Discussions By Condition: Mental conditions

Not sure what to think

Posted In: Mental conditions 2 Replies
  • Posted By: Anonymous
  • April 21, 2007
  • 04:17 PM

So I know at least at one point I suffered from really bad depression, that was in high school. Suicidal thoughts, attempts, I absolutely hated myself and my life, but at the same time I've always been a very logical thinking and I think that's what got me through that period somewhat. But since then up until about a year ago I would fall into major depression occasionally, I delt with it up until I had a complete break down alittle over a year ago. I didn't get out of bed for days to a week, I avoided all human contact, and that lasted about a month. Before this in between the periods of depression I would get waves of thoughts that would talking me into ways to have a better life that wouldn't make much sense when I looked back on them. Such as breaking up with my long term boyfriend that I love very much, buying silly expensive excercise equipment that I couldn't really afford, and other things of a more private nature I would look back on and not understand why I did it. So after this horrible pre mention month, my boyfriend who I had recently broken up with talked me into seeing someone. So I saw a phychristrist and a phychologist for about 6 months, and both diagnosised my with bi-polar. I refused medication at first, but after about a month the guy I saw convinced me it was the only why to get over this. After that I tried many different kinds of bi-polar meds, and a couple anti-depressants. After a while I decided that all they were doing were making me tired beyond function, and making me feel worse about myself. So I stopped seeing anyone for that reason and because I felt better. I had talked about stuff I had never voiced and I really didn't believe I was bipolar.

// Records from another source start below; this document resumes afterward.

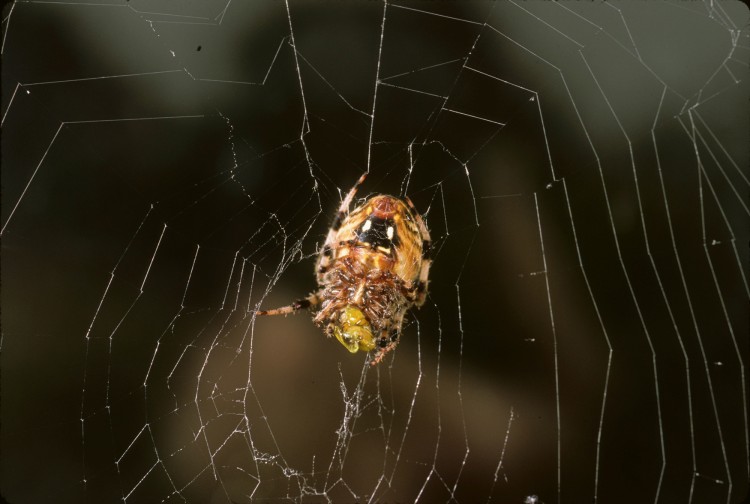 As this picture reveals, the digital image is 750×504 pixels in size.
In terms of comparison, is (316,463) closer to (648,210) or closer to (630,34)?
(648,210)

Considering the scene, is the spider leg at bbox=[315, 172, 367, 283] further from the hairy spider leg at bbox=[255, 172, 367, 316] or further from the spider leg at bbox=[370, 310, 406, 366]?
the spider leg at bbox=[370, 310, 406, 366]

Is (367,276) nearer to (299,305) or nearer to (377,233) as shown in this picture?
(377,233)

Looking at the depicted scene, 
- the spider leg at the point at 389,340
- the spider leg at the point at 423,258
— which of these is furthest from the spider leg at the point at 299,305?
the spider leg at the point at 423,258

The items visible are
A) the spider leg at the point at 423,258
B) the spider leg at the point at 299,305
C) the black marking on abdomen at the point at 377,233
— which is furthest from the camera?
the spider leg at the point at 423,258

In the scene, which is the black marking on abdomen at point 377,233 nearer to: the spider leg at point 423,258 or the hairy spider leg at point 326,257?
the hairy spider leg at point 326,257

Now I feel pretty good about myself, I enjoy my life, and I am a less tense of a person. I have stopped yo-yoing with my boyfriend, now fiance. But, and heres why I'm posting, I still get periods where I sleep alot and never feel rested, and then a couples weeks later I can't sleep and am always wide awake. I do admit I still get discouraging thoughts, but I'm a 22 year old college student that puts myself in stressful situations. Mostly because I'm a horrible procrastinater and can't hardly ever concentrate when I tried to study. But even though I am stressed alot, I really do enjoy my life. So what I wonder is this the start of another depression episode, because I heard once you have a bad one its likely to happen again, or is this just a sleep problem? What do you guys think?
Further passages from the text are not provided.